Mise à jour du 17 juin 2009 : Sans surprise, Free a réagi positivement à cette décision, affirmant qu’il s’agissait d’une bonne nouvelle qui ne remettait pas en cause ses ambitions. Cet enthousiasme n’est pas vraiment partagé par Orange, qui a menacé de porter plainte : « s’il s’avérait que la redevance était proposée à un niveau bien inférieur à celle acquittée par les trois opérateurs en place [...], le principe d’équité entre les opérateurs ayant une licence [...] serait violé ». Il engagerait alors « les actions contentieuses pour le faire constater, sauf à ce que le gouvernement en tire les conséquences et aligne la nouvelle licence sur le prix payé par Orange, SFR et Bouygues Telecom ». Une réaction en ligne avec le discours des 3 opérateurs mobiles devant la CPT. Notez au passage qu'Orange avait devant cette commission évalué le coût de cette licence à 1,3 milliard d’euros ( !),  donc le double du prix payé par les 3 opérateurs mobiles pour leur propre licence (619 millions d’euros) alors que la quatrième licence propose 3 fois moins de fréquences... SFR et Bouygues avaient été un peu plus raisonnables, en estimant ce coût entre 400 et 500 millions d'euros.

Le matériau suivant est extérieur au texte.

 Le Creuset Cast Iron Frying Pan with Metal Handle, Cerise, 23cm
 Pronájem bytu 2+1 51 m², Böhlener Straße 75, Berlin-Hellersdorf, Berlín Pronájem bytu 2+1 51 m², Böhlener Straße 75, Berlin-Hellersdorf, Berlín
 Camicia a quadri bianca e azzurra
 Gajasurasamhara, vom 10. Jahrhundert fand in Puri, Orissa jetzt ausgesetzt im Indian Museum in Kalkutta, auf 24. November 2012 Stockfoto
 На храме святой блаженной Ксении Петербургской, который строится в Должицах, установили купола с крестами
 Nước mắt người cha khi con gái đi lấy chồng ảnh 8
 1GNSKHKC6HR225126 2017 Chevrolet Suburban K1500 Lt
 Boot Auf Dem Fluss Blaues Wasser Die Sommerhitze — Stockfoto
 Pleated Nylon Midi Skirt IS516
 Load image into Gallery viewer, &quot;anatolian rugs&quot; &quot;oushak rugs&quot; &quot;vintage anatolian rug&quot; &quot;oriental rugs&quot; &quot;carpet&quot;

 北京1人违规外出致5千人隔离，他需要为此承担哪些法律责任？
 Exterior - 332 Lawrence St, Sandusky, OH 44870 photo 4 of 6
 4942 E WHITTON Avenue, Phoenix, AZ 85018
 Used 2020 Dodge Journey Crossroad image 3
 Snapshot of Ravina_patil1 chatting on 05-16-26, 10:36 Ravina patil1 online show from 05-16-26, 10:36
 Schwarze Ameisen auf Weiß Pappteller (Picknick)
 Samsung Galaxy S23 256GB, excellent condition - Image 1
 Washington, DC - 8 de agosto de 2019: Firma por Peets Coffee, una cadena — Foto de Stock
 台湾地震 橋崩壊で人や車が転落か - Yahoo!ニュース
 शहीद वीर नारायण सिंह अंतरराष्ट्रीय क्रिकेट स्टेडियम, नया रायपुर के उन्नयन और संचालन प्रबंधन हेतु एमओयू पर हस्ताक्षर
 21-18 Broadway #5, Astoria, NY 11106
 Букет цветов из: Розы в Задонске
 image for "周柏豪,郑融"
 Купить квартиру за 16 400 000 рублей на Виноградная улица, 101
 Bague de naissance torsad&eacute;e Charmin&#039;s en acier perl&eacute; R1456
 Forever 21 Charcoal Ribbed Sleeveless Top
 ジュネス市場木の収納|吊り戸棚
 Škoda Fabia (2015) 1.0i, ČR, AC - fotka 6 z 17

Mise à jour du 26 juillet 2009 : Alors que seul Iliad (Free) postulait pour la quatrième licence 3G, son coût « abordable » semble attirer de nouveaux concurrents. A ce jour, les MVNO Virgin Mobile et Kertel (ce dernier étant ironiquement une ancienne filiale d'Iliad), et l'égyptien Orascom, envisagent également de déposer un dossier. Mais il est peu probable qu'ils se lancent seuls dans la bataille, ils sont tous les trois à la recherche d'un partenariat, contrairement à Free qui a récemment réaffirmé son intention de se lancer seul.
Du côté de l'appel d'offres, le feuilleton continue. Le 23 juillet, le ministère de l'Economie devait publier au Journal Officiel le décret et l'arrêté devant permettre de démarrer la procédure. Mais le gouvernement semble avoir de nouveau reculé. Selon le quotidien Les Echos, « l'Elysée a finalement demandé de temporiser sur ce dossier, mais la procédure sera lancée dans les prochains jours », vraisemblablement avant fin juillet. Notez que le gouvernement pourrait exiger que le nouvel opérateur propose une offre d'entrée de gamme pour les consommateurs qui n'utilisent leurs lignes que quelques dizaines de minutes par mois.
Enfin, une autre difficulté pour le nouvel entrant sera le déploiement de nouvelles antennes, ce qui sera très délicat vis-à-vis de leur impopularité, mais des rumeurs laissent penser que Free pourrait résoudre en partie le problème en diffusant une nouvelle Freebox incluant une femtocell. C'est ce que propose déjà Bewan avec son boitier iBox Femtocell, permettant de router les appels 3G via la ligne ADSL en VoIP.